Write out the listing below exactly, and omit any images you find in it.

----------------------------------------

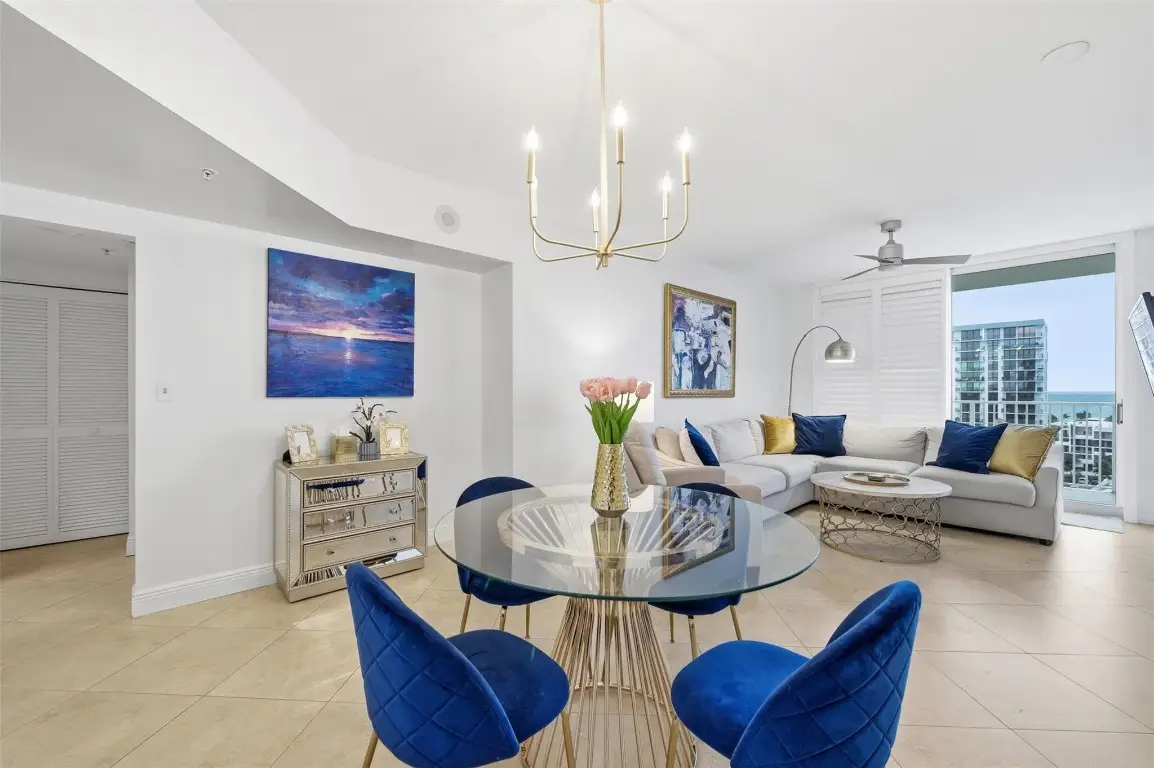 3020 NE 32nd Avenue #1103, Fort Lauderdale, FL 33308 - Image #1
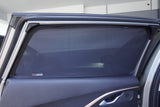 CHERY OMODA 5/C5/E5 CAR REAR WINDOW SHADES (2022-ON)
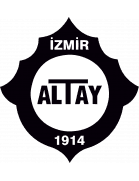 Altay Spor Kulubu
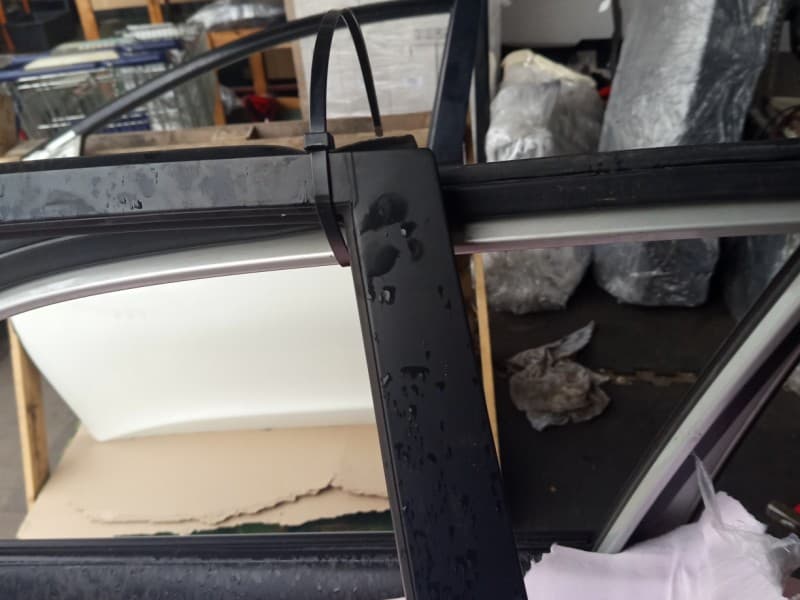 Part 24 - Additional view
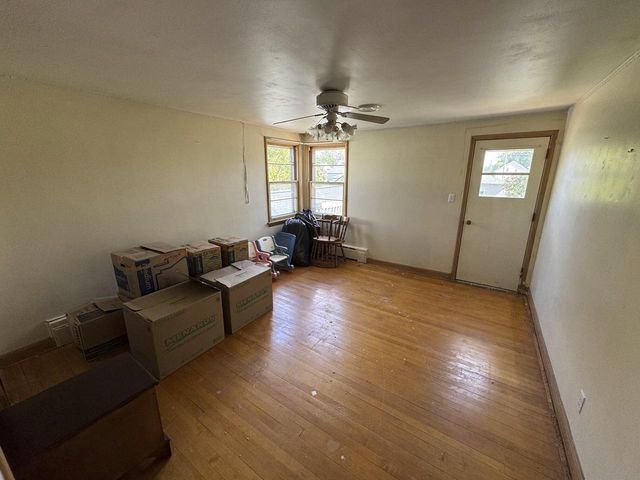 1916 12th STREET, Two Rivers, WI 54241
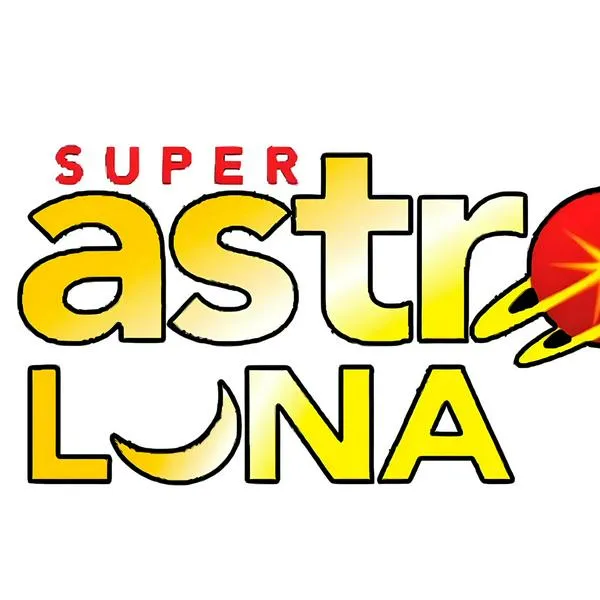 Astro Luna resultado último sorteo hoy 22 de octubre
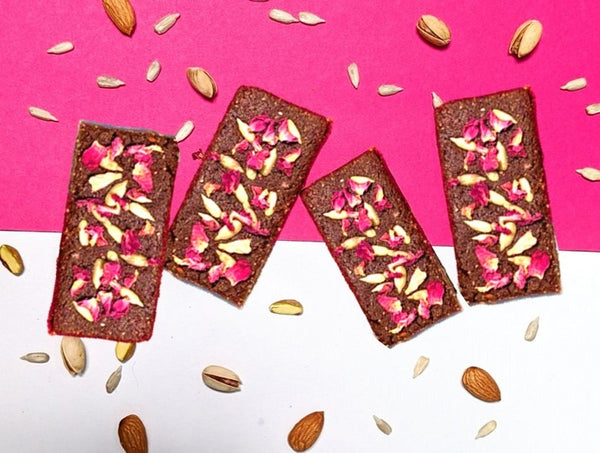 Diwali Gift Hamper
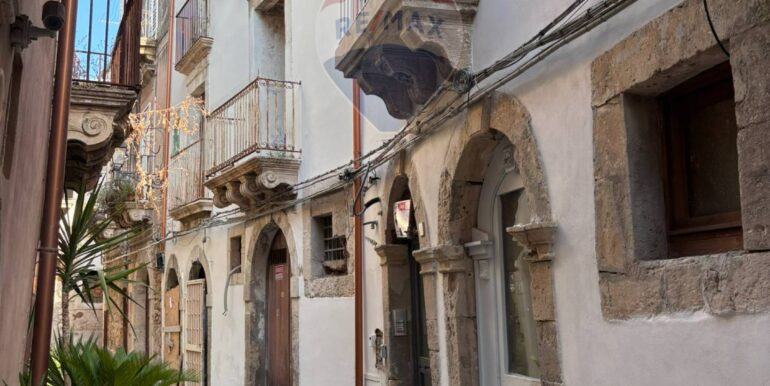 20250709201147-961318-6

----------------------------------------

● Worked solution
 3020 NE 32nd Avenue #1103, Fort Lauderdale, FL 33308 - Image #1
 CHERY OMODA 5/C5/E5 CAR REAR WINDOW SHADES (2022-ON)
 Altay Spor Kulubu
 Part 24 - Additional view
 1916 12th STREET, Two Rivers, WI 54241
 Astro Luna resultado último sorteo hoy 22 de octubre
 Diwali Gift Hamper
 20250709201147-961318-6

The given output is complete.